I brought with me into C-Unit two items valued by the inmates. First, I had clean urine, drug free, that would stand up under laboratory scrutiny. I was happy to fill little plastic eye-drop containers for anyone who wanted it. Sam explained that the eye-drop container is held on the underside of the penis with a rubber-band and emptied into the specimen container, out of the view of the cop who usually stands behind the provider. Second, I had a guitar, meaning I also had guitar strings that could be used as tattoo gun needles. The center of an .032” D-string is perfect for an outline needle and the .016” B-string is great for shading, while the .012” E-string does wonders for fine detail. The strings are cut and polished to a fine point on both ends. An inch or two is all that is needed.

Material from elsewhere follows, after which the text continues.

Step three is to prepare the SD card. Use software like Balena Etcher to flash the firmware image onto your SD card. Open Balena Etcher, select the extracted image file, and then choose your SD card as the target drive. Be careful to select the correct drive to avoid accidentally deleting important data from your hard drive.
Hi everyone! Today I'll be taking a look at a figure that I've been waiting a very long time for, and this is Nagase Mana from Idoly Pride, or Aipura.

The prison-made tattoo gun is a marvel of inmate ingenuity. In the months I had been there, I began to notice that hardly a wall clock anywhere in the prison seemed to be working. I discovered that it wasn't a matter of battery replacement; the clock's drive motors had been stolen by tattoo artists as the direct-current power source for their tattoo guns. The gun itself consists of the clock motor, a toothbrush handle bent to ninety degrees under heat, a Bic pen barrel, a section of the pen's ink reservoir, and a q-tip stem. The motor is taped vertically to the bent toothbrush handle, and the pen barrel is taped to the handle horizontally, sitting ninety degrees to one another. The guitar string-needle is embedded in one end of the q-tip stem while the other end of the q-tip is fitted into a section of the ink reservoir from the pen. A pin from the motor shaft fits into a drilled hole in the section of the ink reservoir. The pin is offset by being attached to the side of the motor shaft. The eccentric action provides the in-and-out motion of the needle. A ferrule, roughly matching the circumference of the guitar string-needle, is fashioned from the butt-end plug of the ink reservoir and fitted into the brass tip of the pen barrel. Based on my observations, this level of thought and ingenuity among inmates was reserved for tattooing and acquiring heroin, or possibly, escape.

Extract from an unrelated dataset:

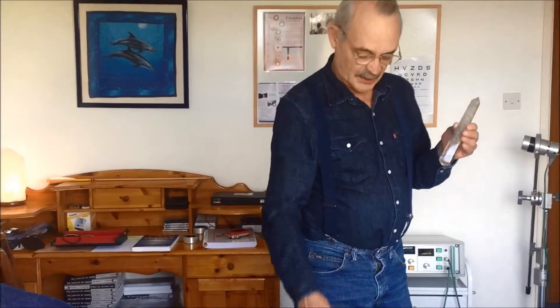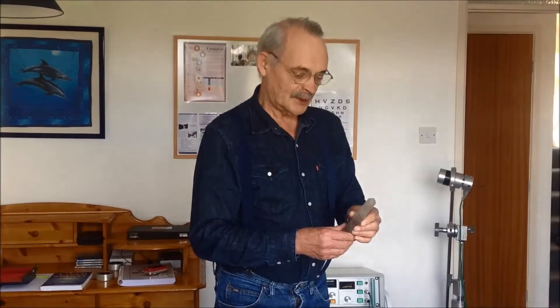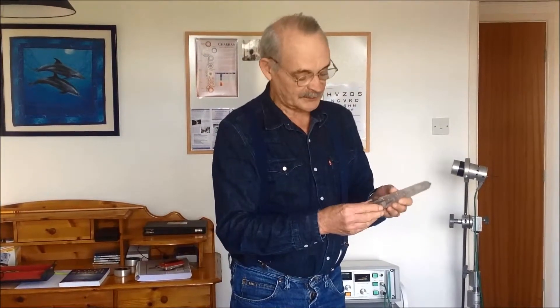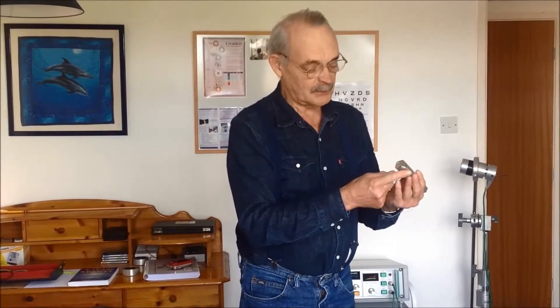It can be rose quartz, it can be clear quartz, and it can also be slightly smoky quartz. But the key factor is that it should have at least three perfect triangles on the points — perfectly formed triangles. If that is not the case, it should have a polished domed end.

The level of heroin use in the drug unit was astounding. Inmates were practiced at hiding a syringe with inventive cleverness. They were also shared among the inmates, sometimes disinfected with Clorox, sometimes not. I never learned where they got them in the first place, although this was an inmate medical center, which provides some thoughts on the matter. I once accompanied a counselor on an inspection tour of the unit. At one point he nonchalantly pulled back a decorative edging strip on a vertical panel of a plywood locker, finding underneath a perfectly drilled horizontal hole filled with a syringe. He immediately put the strip back, and we continued the tour as though he knew it was there and didn't give a damn. They were also found in drilled out table legs, in hollow bed frames, inside a TV set, in a removable window sill...a never ending game of hide and seek between the cops and addicts. The heroin itself usually came into the prison from the visiting room, packed in a plastic baggie which was stuffed into someone's rectum (...wrecked 'em? Hell, it almost killed 'em!). Occasionally they were caught in a strip search because they were careless about cramming it all the way in. Cavity searches didn't seem to be the norm, although there were occasions when a suspect would be put into a “dry” cell with no toilet or sink and kept there until bodily function cleared his bowels.

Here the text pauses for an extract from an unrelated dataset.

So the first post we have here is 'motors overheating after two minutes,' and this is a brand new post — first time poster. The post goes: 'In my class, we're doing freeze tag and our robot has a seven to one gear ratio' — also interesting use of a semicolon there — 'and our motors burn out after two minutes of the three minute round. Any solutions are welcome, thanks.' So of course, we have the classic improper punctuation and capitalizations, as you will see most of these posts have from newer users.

I could always tell when a new load of heroin arrived; a half dozen or so of the regulars would be walking around the unit, euphoric and itching. One stoned fellow came by at the height of his euphoria, telling us dreamily, “...this is exactly where I want to be!” Don't look now, friend, this is exactly where you are. The dangers weren't only presented by the cops, either. There was always a cadre of tough-thug predators around, and if they found out someone was holding, the holder risked being beaten, stabbed or worse if he didn't hand it over. On Superbowl Sunday, a fellow in C-Unit was found seated on a toilet where he had injected himself, dead of an overdose. I didn't know him personally, but he was a calm, intelligent sort, well groomed and quiet, hardly seeming an addict. I don't even remember him having any tattoos.